Daily Times - Iraq: The Three Trillion Dollar War —Joseph E Stiglitz

Iraq war: More than 800.00 civilian death and 1.200.00 wounded,more than 4000 US troops, 740 allied troops killed and 28.000 wounded.


For the complete report from the Daily Times click on this link

Iraq: The Three Trillion Dollar War —Joseph E Stiglitz

With March 20 marking the fifth anniversary of the United States-led invasion of Iraq, it’s time to take stock of what has happened. In our new book The Three Trillion Dollar War, Harvard’s Linda Bilmes and I conservatively estimate the economic cost of the war to the US to be $3 trillion, and the costs to the rest of the world to be another $3 trillion — far higher than the Bush administration’s estimates before the war. The Bush team not only misled the world about the war’s possible costs, but has also sought to obscure the costs as the war has gone on.
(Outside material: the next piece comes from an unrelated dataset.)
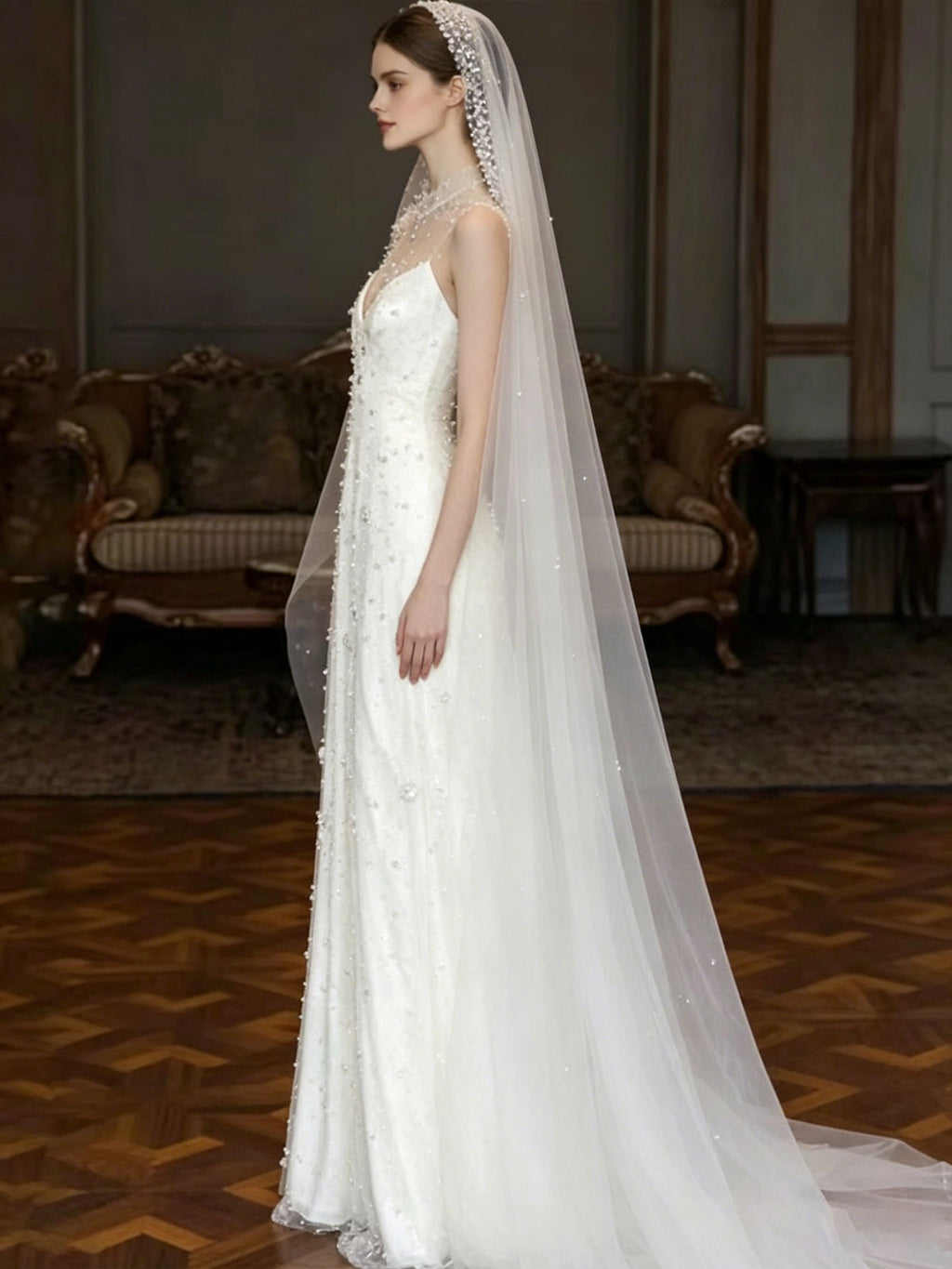 High Neck Sheer Tulle Pearl Beaded Mermaid Train Wedding Gown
Was this incompetence or dishonesty? Almost surely both. Cash accounting meant that the Bush administration focused on today’s costs, not future costs, including disability and health care for returning veterans. Only years after the war began did the administration order the specially armored vehicles that would have saved the lives of many killed by roadside bombs. Not wanting to reintroduce a draft, and finding it difficult to recruit for an unpopular war, troops have been forced into two, three, or four stress-filled deployments. The US administration has tried to keep the war’s costs from the American public. Veterans groups have used the Freedom of Information Act to discover the total number of injured — 15 times the number of fatalities. Already, 52,000 returning veterans have been diagnosed with Post Traumatic Stress Syndrome.
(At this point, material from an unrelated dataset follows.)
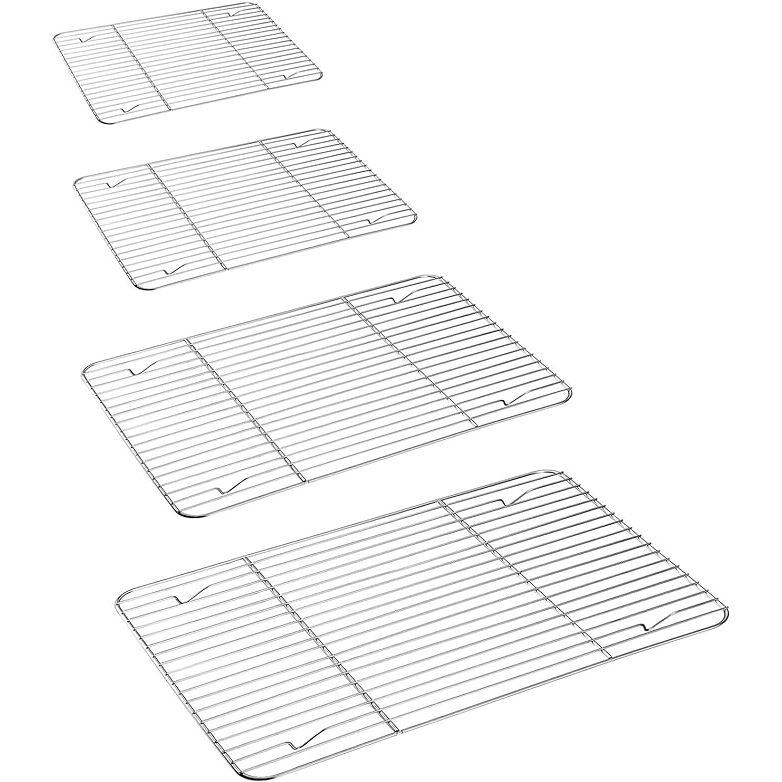 Discover the ultimate kitchen companion with the P&P CHEF Cooling Rack Set. This versatile collection of 4 stainless steel grill racks is perfect for baking, cooking, roasting, and cooling various foods in the oven. Designed to effortlessly fit different sizes of cookie sheets, these racks are ideal for a wide range of culinary tasks.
America will need to provide disability compensation to an estimated 40 percent of the 1.65 million troops that have already been deployed. And, of course, the bleeding will continue as long as the war continues, with the health care and disability bill amounting to more than $600 billion (in present-value terms). Americans like to say that there is no such thing as a free lunch. Nor is there such a thing as a free war. The US — and the world — will be paying the price for decades to come.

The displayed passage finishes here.